I really don’t know why you are asking such basic physics questions which you should have been able to answer yourself if you did even just secondary physics. You don’t need a degree in physics (as I have) to answer such elementary heat transfer questions.

106. davidmhoffer says:

Doug Cotton;
You don’t need a degree in physics (as I have) to answer such elementary heat transfer questions.>>>

Please state the year of graduation and the university which granted you this degree for verification. Because frankly, I don’t believe you.

107. davidmhoffer says:

Doug Cotton;
It slows the rate at which thermal energy leaves your body to the cool room>>>

Really? And how, exactly, does it do that? Since it is cooler than my skin temperature, and cooling INCREASES via conductance, I should be cooler for wearing the sweater, not warmer. Are you saying that conduction decreases the cooling rate? That radiance of my skin + conduction = LESS cooling? Really?

University of Corn Flakes perhaps?

108. davidmhoffer says:

Doug Cotton;
You skipped right on past several questions. In addition to claiming that by removing heat from my body via conductant + radiance, my body would cool slower than by radiance alone (giggle) you skipped several additional questions that should make the issue just as obvious. I repeat:

New Question: How does an igloo keep people warm inside?

Supplementary Question: How does a blast furnace raise the internal temperature of the furnace despite the sides of the furnace being cooler than the inside?

Supplementary Question2: Why does a “tee pee” arrangement of logs on a fire produce a vigorous fire while logs laid flat do not?

Supplementary Question 3: How is it possible to raise the internal temperature of a house in winter by piling snow against the walls?

Supplementary Question 4: How is it possible that millions of engineers design all manner of systems every single day that work as designed, yet are based on practical application of laws of physics that are exactly opposite your position?

109. Doug Cotton says:

I studied under Professors Harry Messel, Julius Sumner-Miller and Werner VonBraun at Sydney University from 1963 to 1966 inclusive, the degree being awarded in 1967. I subsequently did two further university courses, a degree and post graduate diploma, then engaged in on going private study in physics, climatology and nutrition, as well as private tutoring, including being Principal of a college with interstate branches.
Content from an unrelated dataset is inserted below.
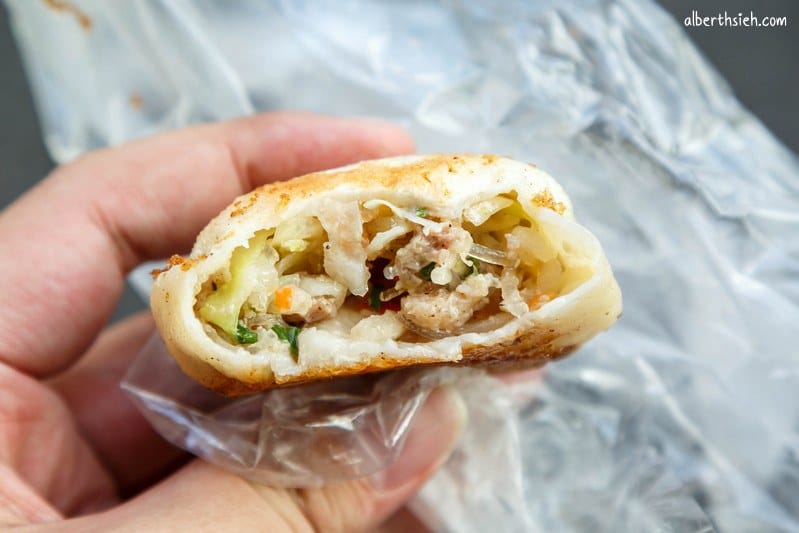 一品香水煎包．台中大甲美食（韭菜包也不錯，豬肉餡餅還會噴汁呢！）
Regarding the process of conduction, the temperature gradient (through the conducting material) is determined by the temperatures at each end, in this case the temperature of your body and the temperature of the cold room. The inside and outside of your jacket may not match these temperatures exactly as the jacket is relatively thin, but in general the ends of a long metal rod would do so.

110. davidmhoffer says:

Doug Cotton;
Regarding the process of conduction, the temperature gradient (through the conducting material) is determined by the temperatures at each end>>>

Yes it is.

Now answer the question. Why do I get warmer when I put the sweater on? You’ve explained that the temperature gradient works the way it does, what you did NOT explain was why the warm end of the temperature gradient increased in temperature when the sweater was put on. You also haven’t explained how conductance, which is vastly more efficient at xferring energy than radiance alone, could result in less cooling, not more.

111. Doug Cotton says:

An igloo works the same way as your jacket.

Energy is generated and passed through the walls of the blast furnace. The temperature gradient within the walls likewise depends on the temperatures on each side, just like your jacket. Energy being “pumped” into the furnace will accumulate until equilibrium is reached with the rate of escape of the energy. The inside will of course be hotter than the outside, just like your jacket.

Fire draws air in at its base, so an arrangement which facilitates this leads to a hotter fire.

Snow stops thermal energy escaping from the house so it doesn’t cool as much, just like your jacket.

The final question includes an incorrect statement.

None of the above has anything whatsoever to do with the radiative atmospheric greenhouse effect as postulated by the IPCC and “explained” on their website.

So as I said, I am not here to give free tuition in physics which is irrelevant to the thread anyway. Enough is enough.

112. Doug Cotton says:

Why do I get warmer when I put the sweater on?

If your body heat dropped perhaps a fraction of a degree then the extra insulation may have allowed your body thermostat to generate extra energy from your food to bring your body back up a fraction of a degree to normal body temperature. The very outside layer of your skin would undoubtedly feel warmer as a result of the energy from your food, or maybe your fat supply.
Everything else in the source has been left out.